Seems there are so many things believed and hoped for - for the purposes of change. And there's a ton of proposed mental activities meant to trick or start one on new paths. Most of these are pseudo.

Yet age transforms us, whether we want it or not. Medications transform and ditto anguish, violence and other out-of-the-blue occurrences.

But to control transformation? Can we grasp air and think we've captured something?
Eryl said…
I love the image of a twenty something feminist activist entering cooking competitions. It strongly defies the pigeonholing that feminists seem particularly subjected to. You must have been a toughie: I remember feeling, in my twenties, that I had to choose between feminism and traditional female activities and thus pretending that I hated cooking, even to myself.
Anonymous said…
ribbons? i think iron chef is calling! ;)
Anonymous said…
ribbons? i think iron chef is calling! ;)
deb did it said…
i did one yesterday...and I love this one of YOU! and now I am hungry!
Okay...I'll try to remember next Wednesday. I must admit your cooking exploits have shattered my short-sighted stereotypes of feminine activists. The ones I knew in my 20's just put pot in brownies.
Meri said…
Kim - I'm with you. I'd love to revive a theme day with self-portraits.

Rosaria - As I told you, I have no doubt you were the same.

Kamana - Am I that predictable? Oh my.

Rebecca - great photos! I'm dreaming of Mexico and beautiful doors.

Bill - no more thoughts since my email to you, but I think you've given us something to ponder.

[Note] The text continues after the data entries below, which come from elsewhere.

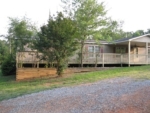 5063 Crouse Rd Crouse, NC 28033 - Image 2364630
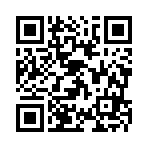 辽宁微康源生物科技有限公司移动站二维码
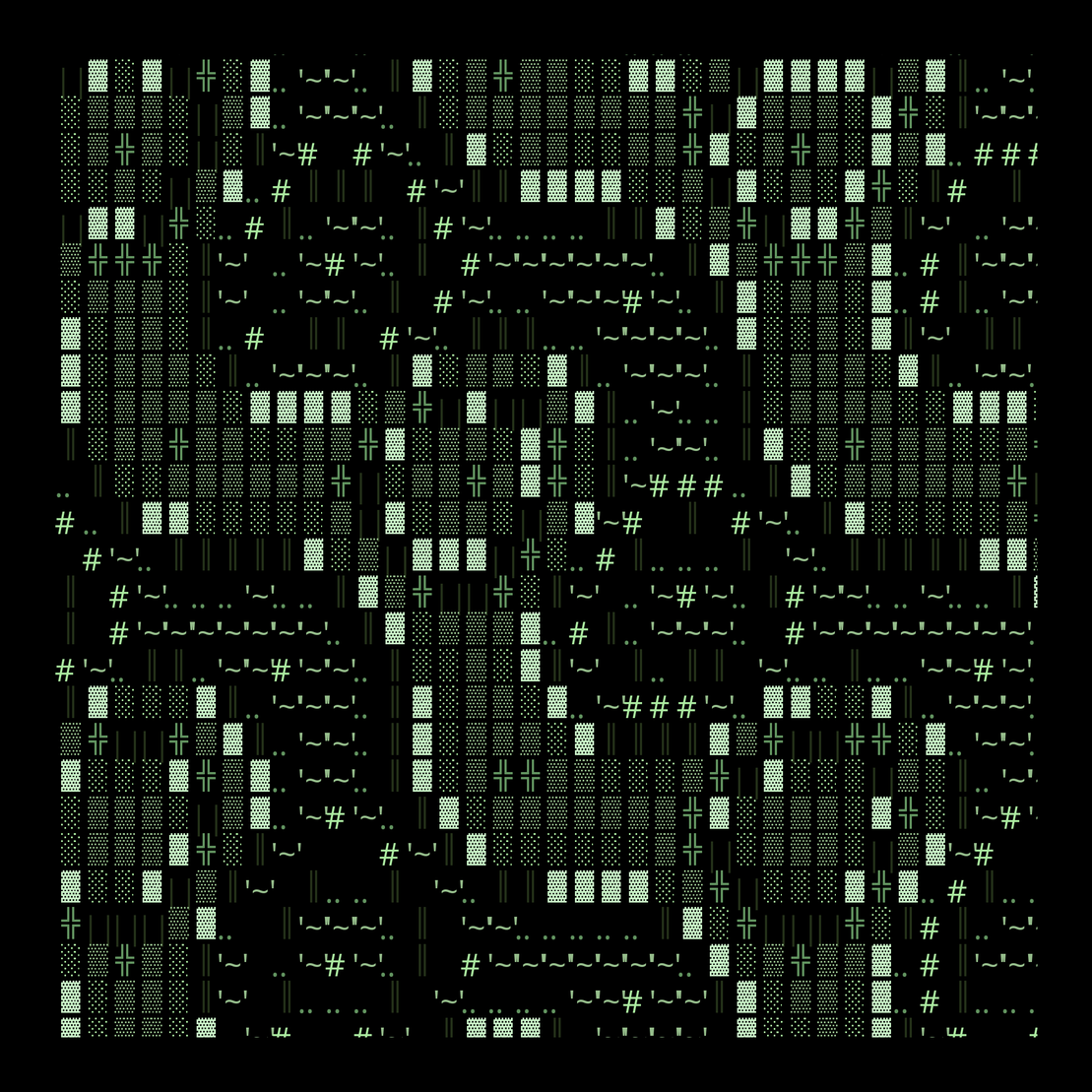 g l y p h #116430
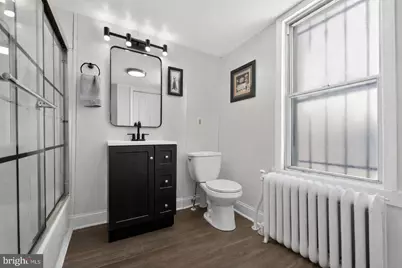 3038 Rosehill Street, Philadelphia, PA 19134 - Photo 21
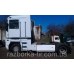 Кабина Renault magnum euro-3 Кабина Renault magnum euro-3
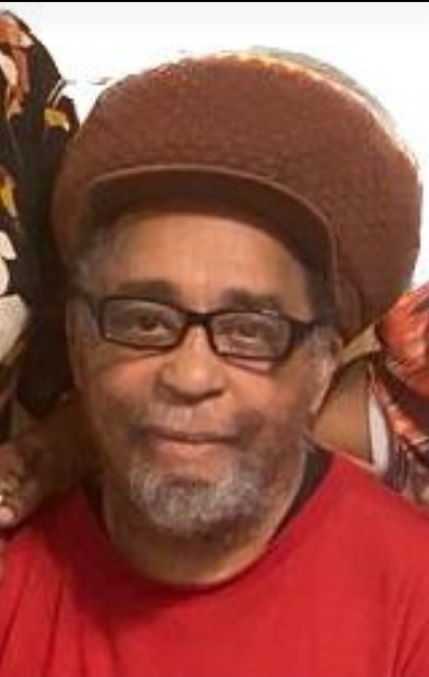 A picture of the 1974 Alumni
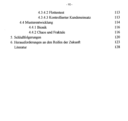 Seite 3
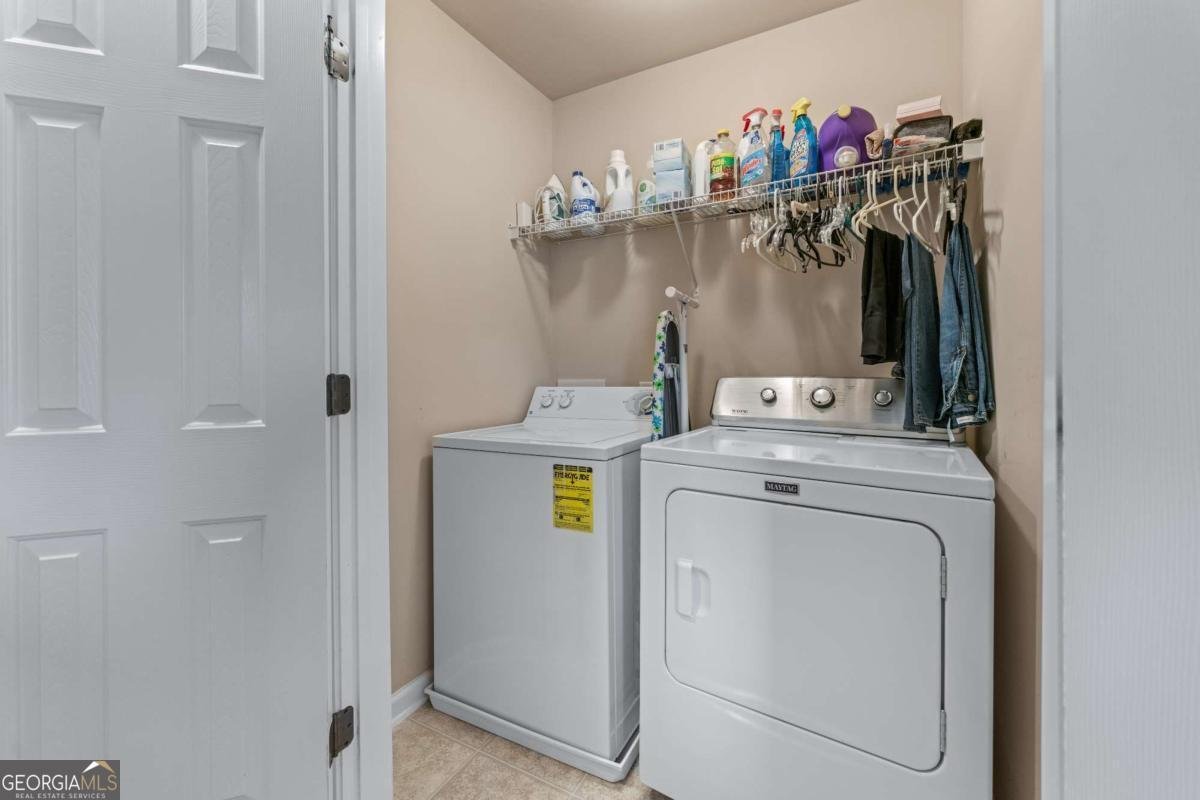 661 Village Field Court Suwanee - 23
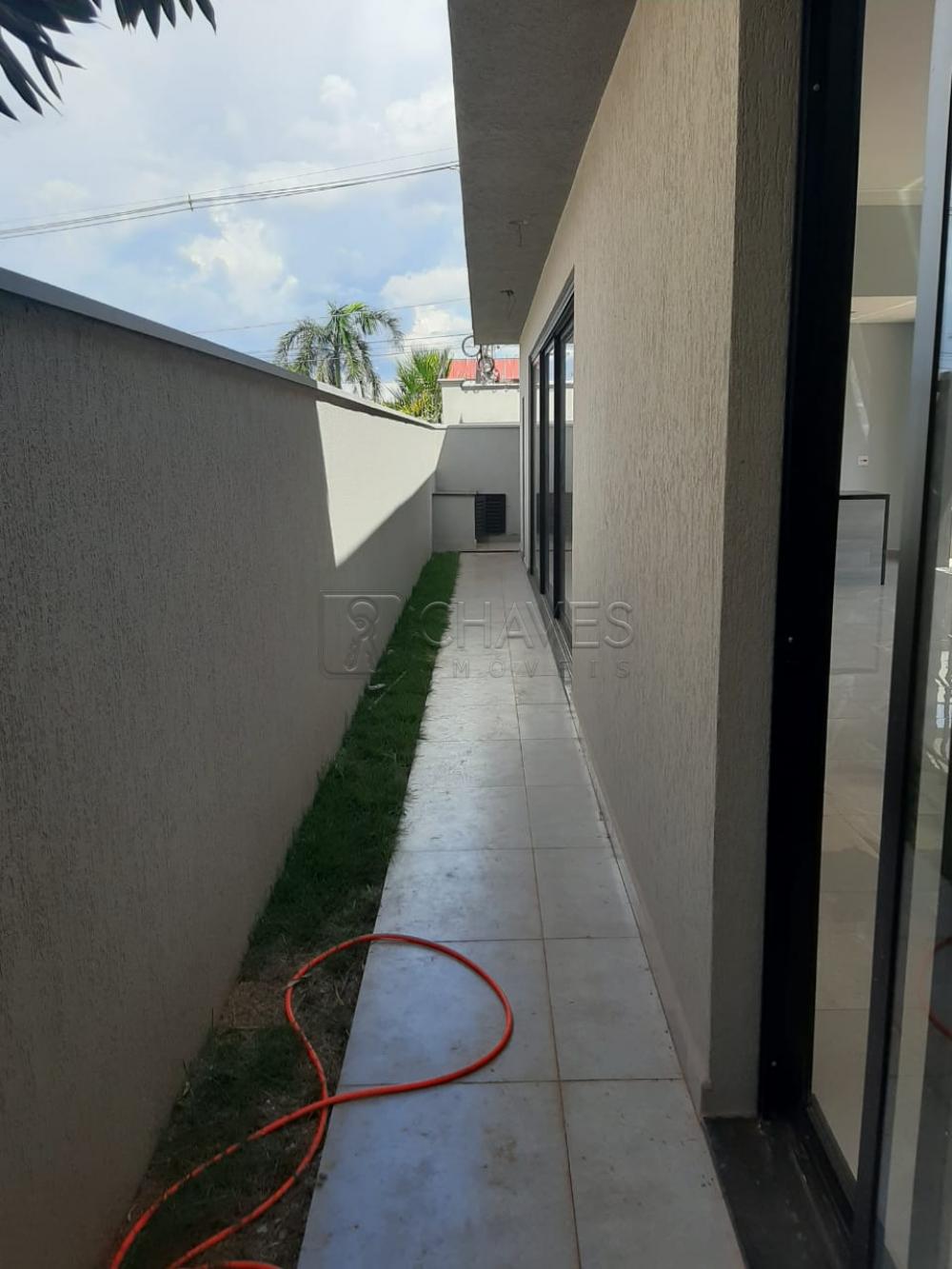 Comprar Casa / Condomínio em Ribeirão Preto R$ 1.300.000,00 - Foto 28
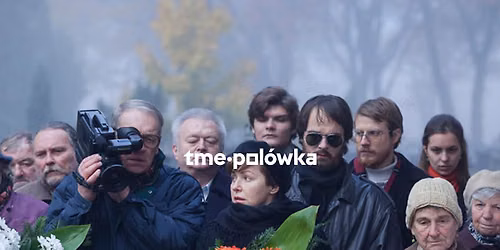 OSTATNIA RODZINA \/\/ MONOPOLIS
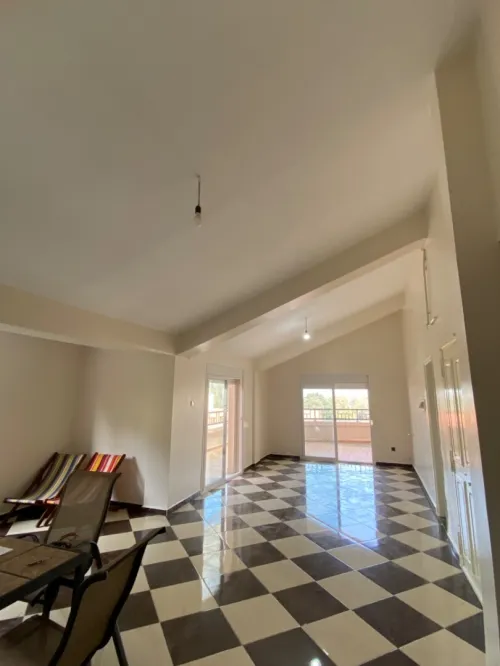 Vente Appartement F4 Boumerdès Corso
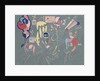 Various Actions, 1941 by Anonymous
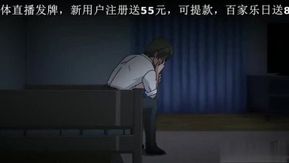 中字-無法停止的撒嬌2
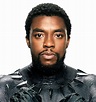 Marvel muda abertura de Pantera Negra em homenagem a Chadwick Boseman ...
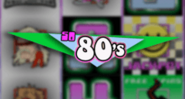 So 80s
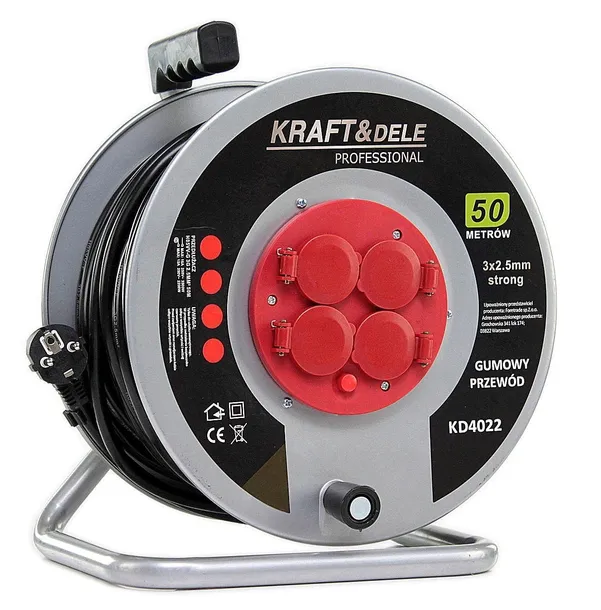 kabel-zasilajacy-kd-50-m-waga-z-opakowaniem-10-kg-dlugosc-kabla-50-m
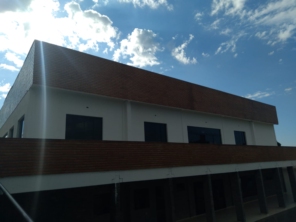 Foto de BM Prestadora de Serviços em Umuarama, PR por Solutudo
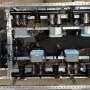 Electyrolyzer experiment designated ready-to-fly by NASA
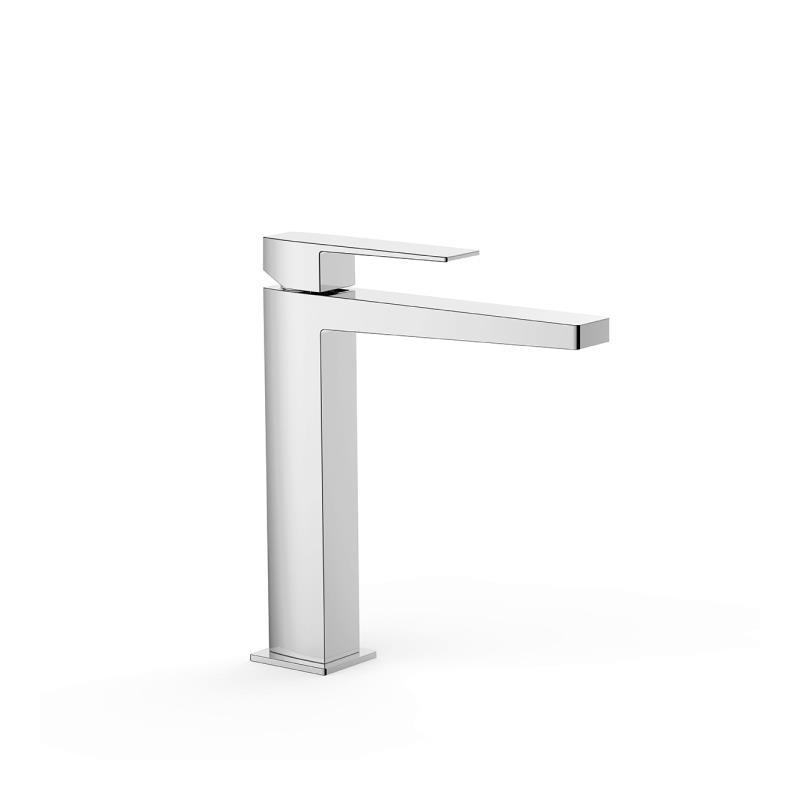 GRIFO DE LAVABO SLIM ORO 24K  BRILLO 20210303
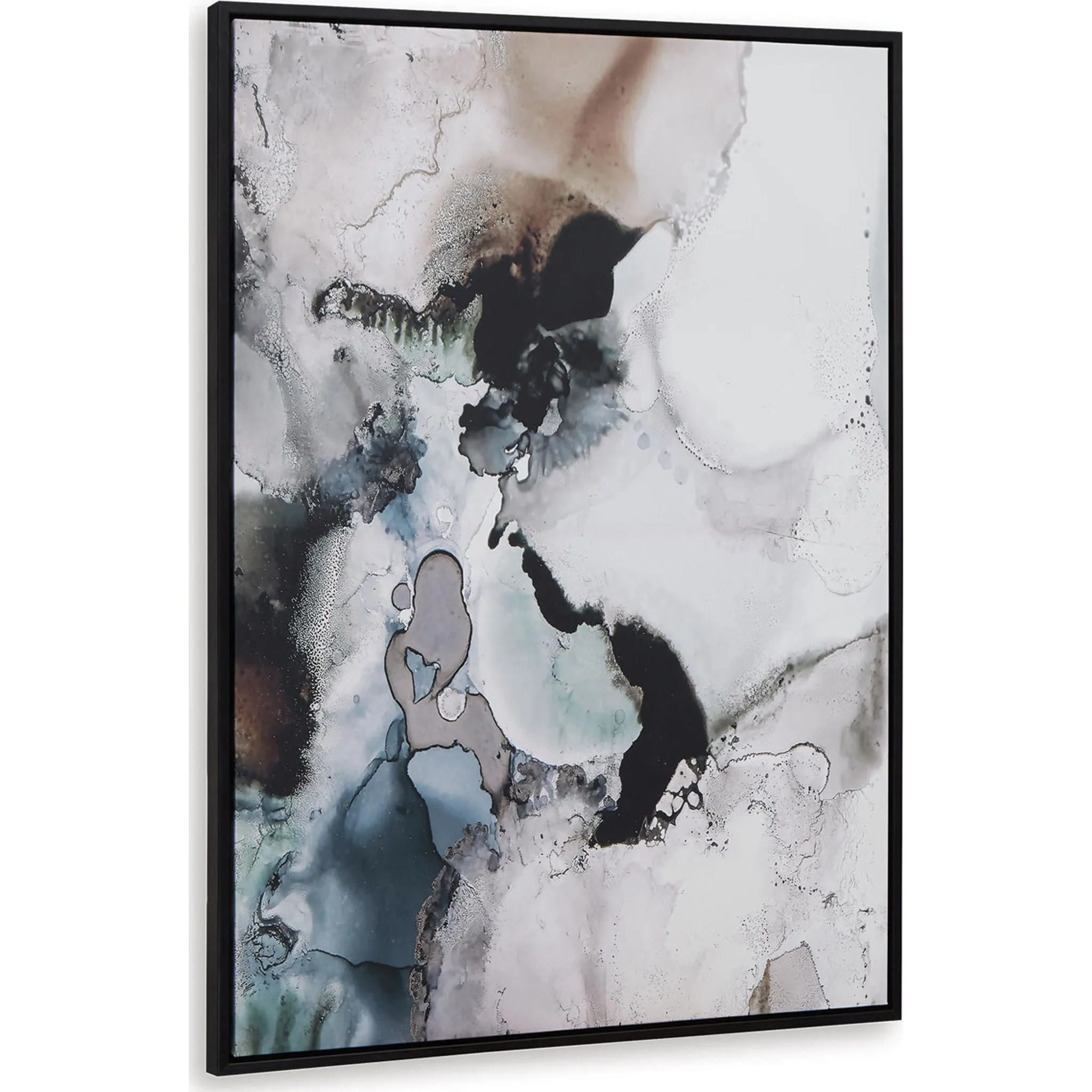 Mellrey Wall Art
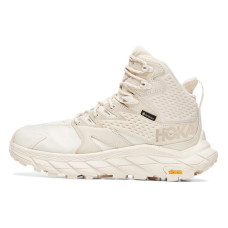 HOKA ONE ONE Anacapa Mid GTX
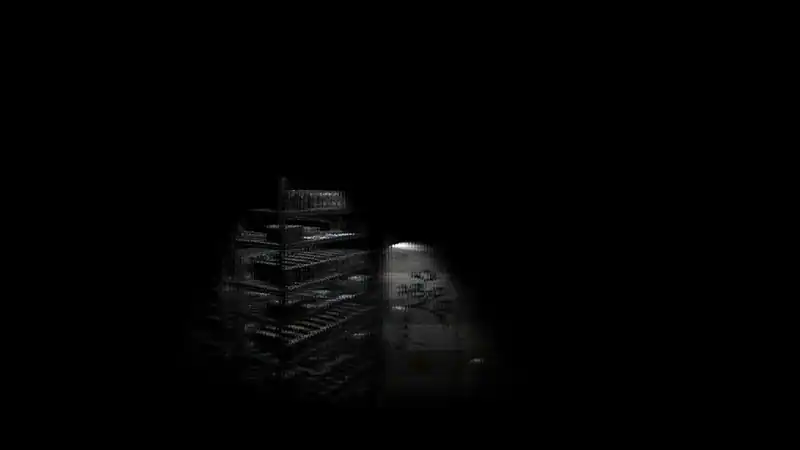 Five Nights With Los Penguinos — изображение 3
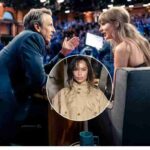 Screenshot_20251010-025716~2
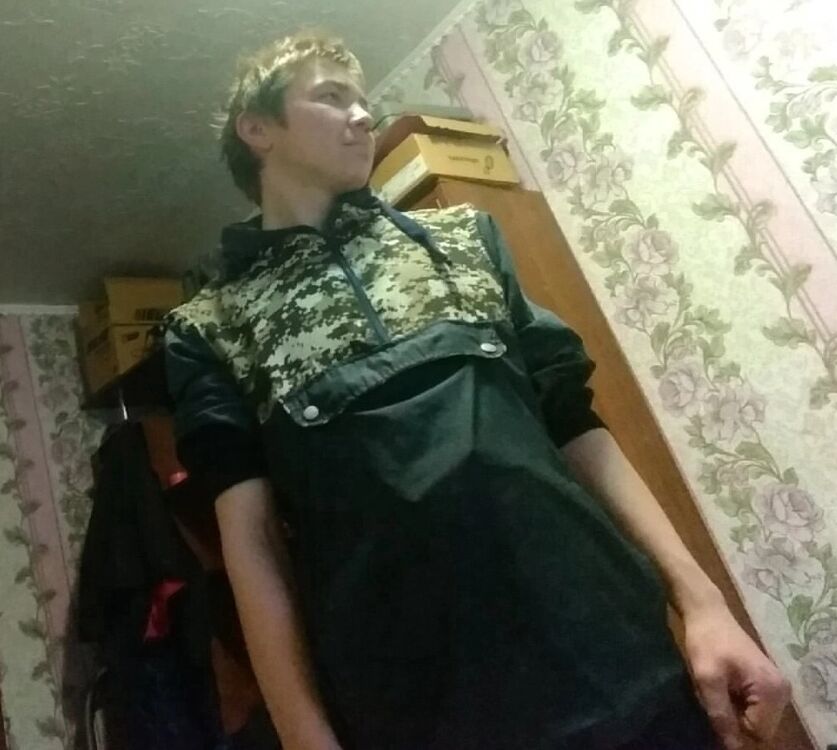 ���� 33762390 ����� ����, 23 ����, ���� ���������� � ����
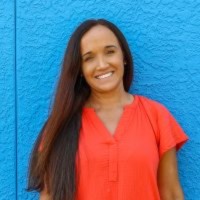 Jillian Ptak Email & Phone Number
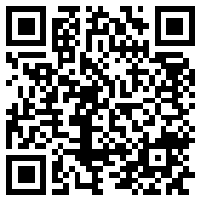 QR Code for bitcoin:bitcoin:dash:XxveSNLau4DnWsQJ62YG2dsagpsG9eFvwh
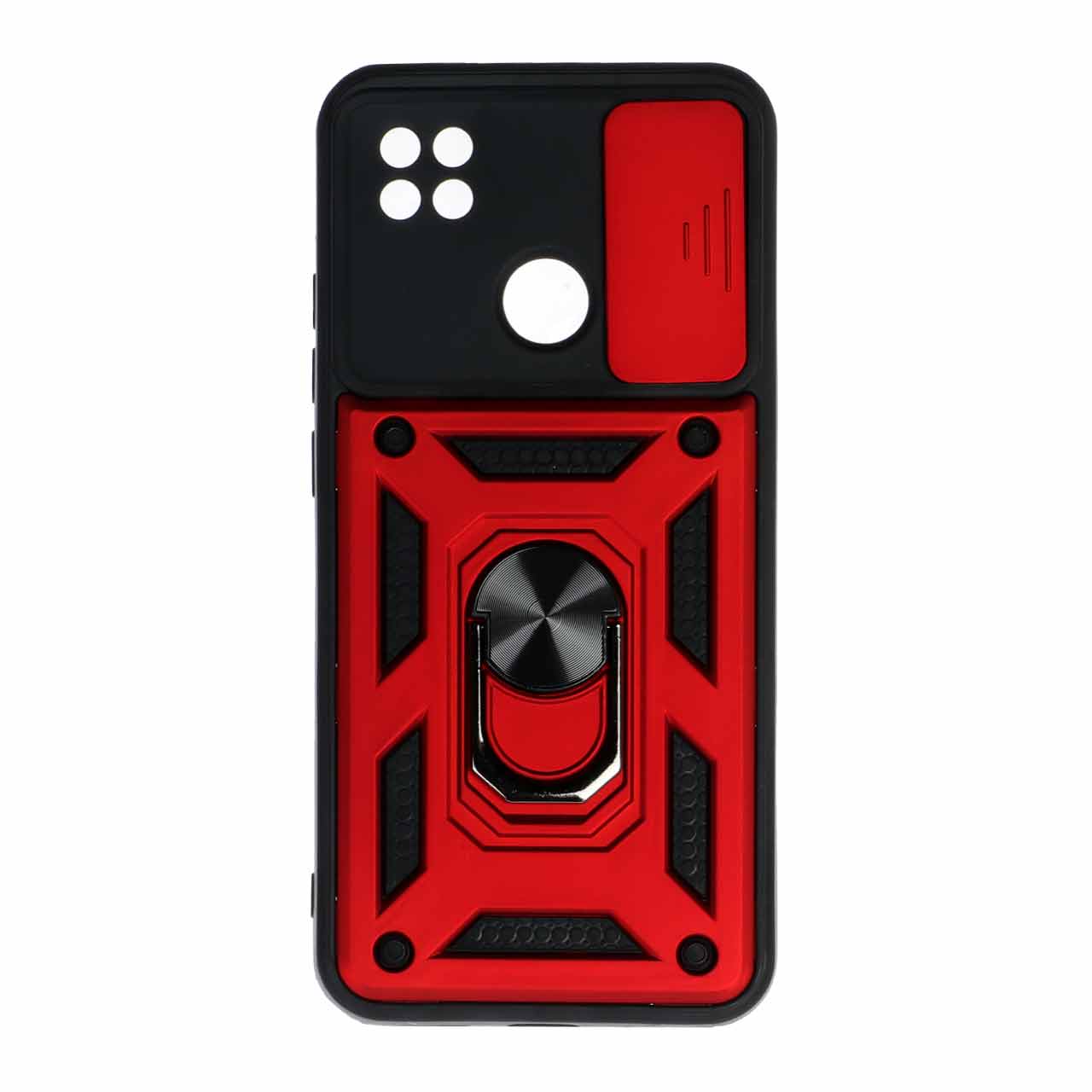 Xiaomi Redmi 10A Redmi 9C Poco xiaomi redmi 10a redmi 9c poco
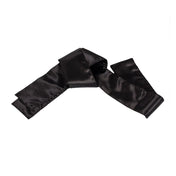 Kung Fu Sash kung-fu-sash-798226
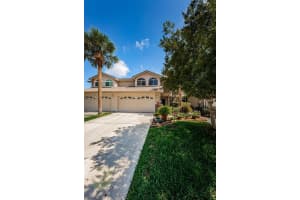 2524 BROOK LANE, CLEARWATER, FL 33761 Sold 10/22/24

Eryl - that's exactly why we took on the state fair cooking challenge. And in those days, I had a little floral print dress with pin tucks on the bodice and lace around the collar (pink and white dress, white lace) that I'd wear when I was testifying before the legislature on reproductive issues or talking to the District Attorney. Feminism, Texas style, was perhaps more pragmatic than in places like New York.

Sperlygirl - Iron Chef? Not I. My handcrank popcorn popper is the most-used pan in the kitchen.

Deb- great pics of you and I'm so sorry you're having to go through the chaos of rebuilding.

Mark - my blog hero - I can honestly say that marijuana is one spice I never added to any of my dishes, though it seemed a big condiment for others during my law school days. Parties at the professors' homes would have placards by the food, indicating which jambalaya was "with" and which was "without." Little Me, being a bit naive, was shocked that officers of the court could be so blatant.